WHAT THE EXERCISE ASKS:
Given the material below, output exactly the lines from the line with "Ayura Designs Nakhra" to the line with "5-piece set of", both ends included, and no other lines.

DATA TO PROCESS:
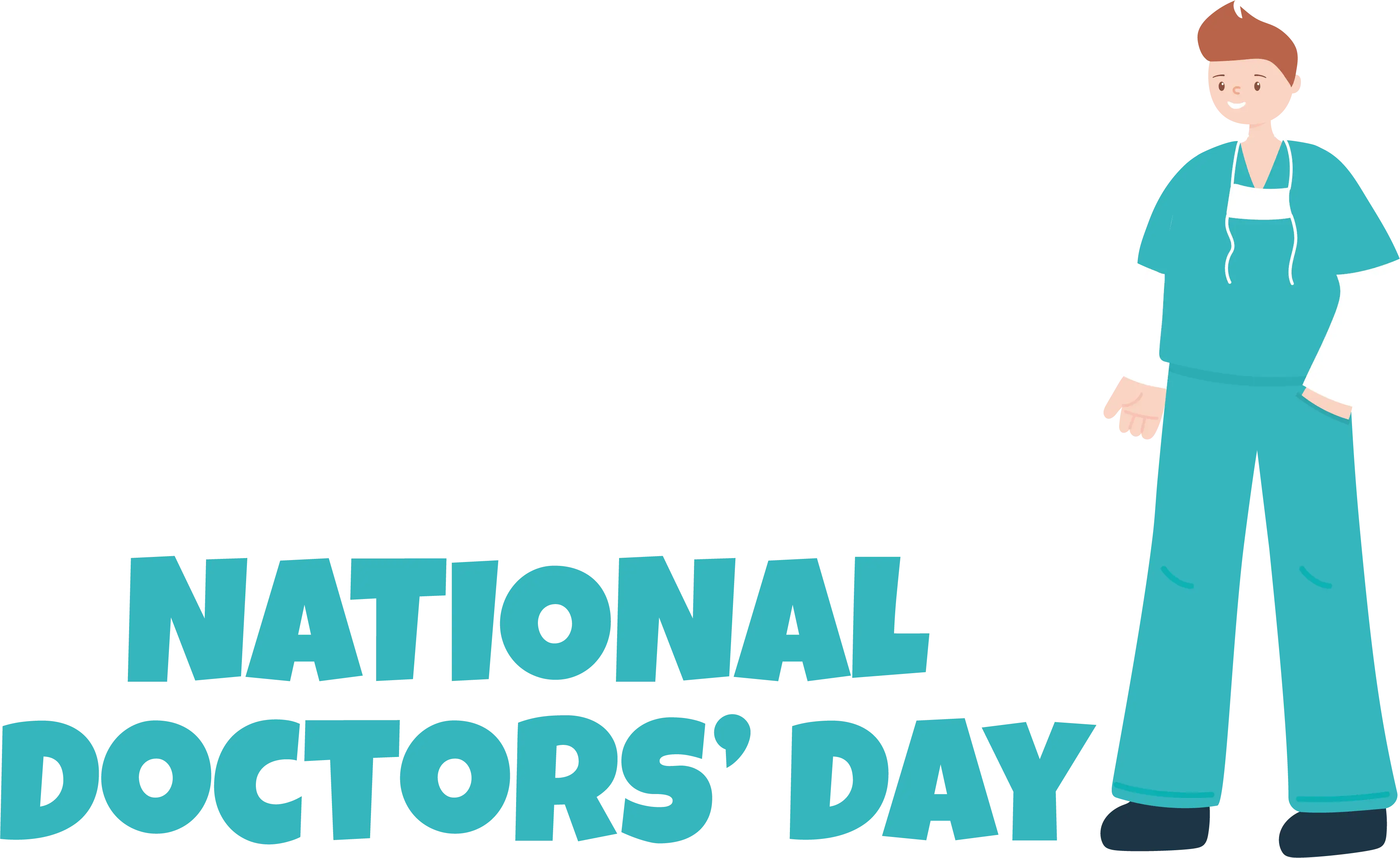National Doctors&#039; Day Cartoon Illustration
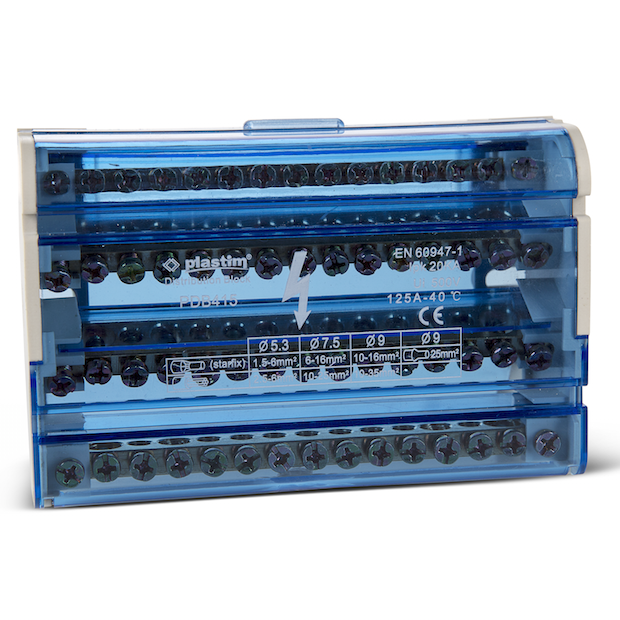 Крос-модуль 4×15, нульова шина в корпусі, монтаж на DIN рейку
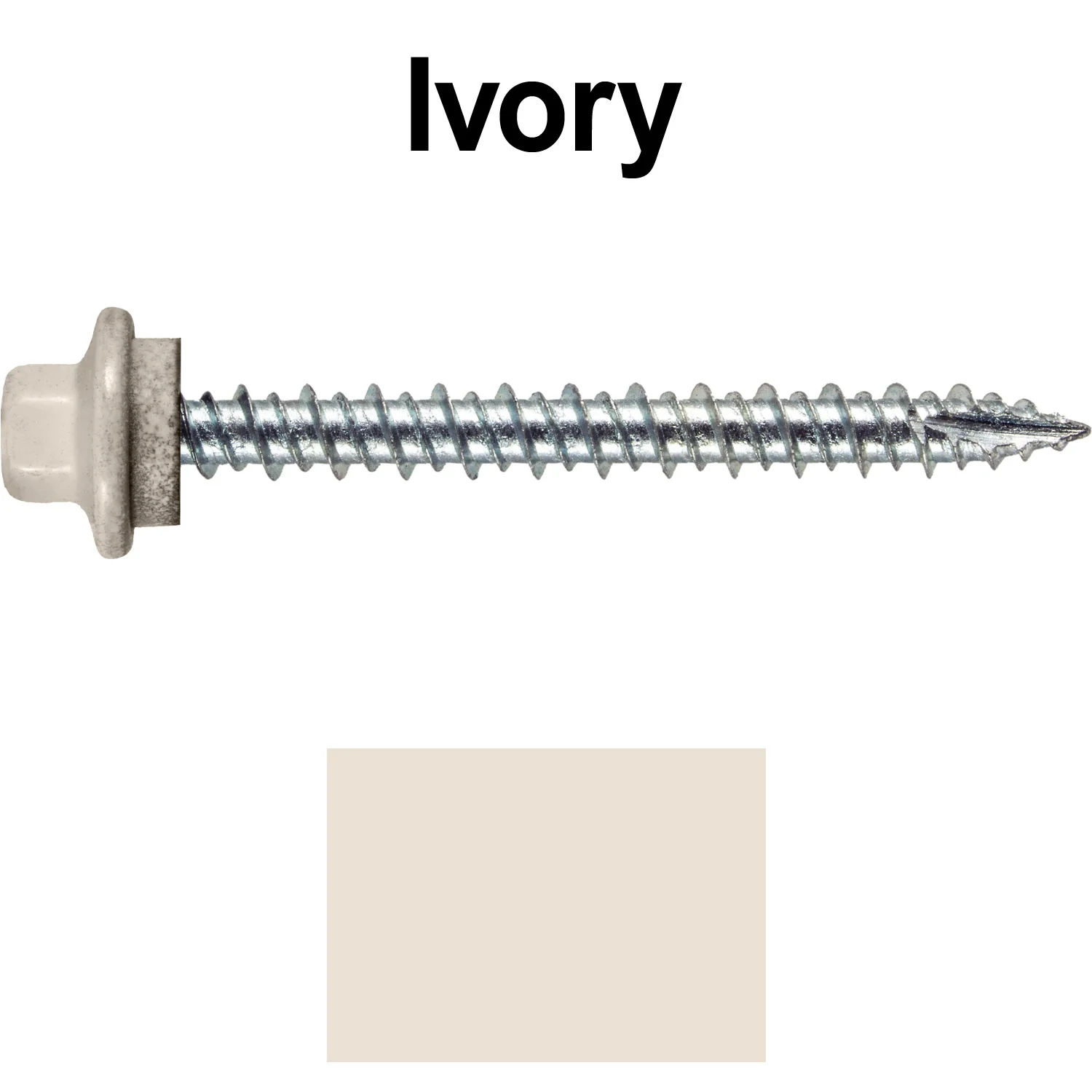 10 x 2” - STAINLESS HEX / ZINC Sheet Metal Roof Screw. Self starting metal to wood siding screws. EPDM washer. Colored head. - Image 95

==

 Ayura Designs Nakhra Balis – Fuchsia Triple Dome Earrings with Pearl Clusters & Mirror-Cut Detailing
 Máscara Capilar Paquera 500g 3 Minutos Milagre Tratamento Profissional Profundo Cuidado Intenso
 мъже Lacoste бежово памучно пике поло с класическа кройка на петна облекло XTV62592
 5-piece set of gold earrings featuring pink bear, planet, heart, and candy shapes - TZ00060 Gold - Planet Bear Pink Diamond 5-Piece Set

ANSWER TO THIS TASK:
 Ayura Designs Nakhra Balis – Fuchsia Triple Dome Earrings with Pearl Clusters & Mirror-Cut Detailing
 Máscara Capilar Paquera 500g 3 Minutos Milagre Tratamento Profissional Profundo Cuidado Intenso
 мъже Lacoste бежово памучно пике поло с класическа кройка на петна облекло XTV62592
 5-piece set of gold earrings featuring pink bear, planet, heart, and candy shapes - TZ00060 Gold - Planet Bear Pink Diamond 5-Piece Set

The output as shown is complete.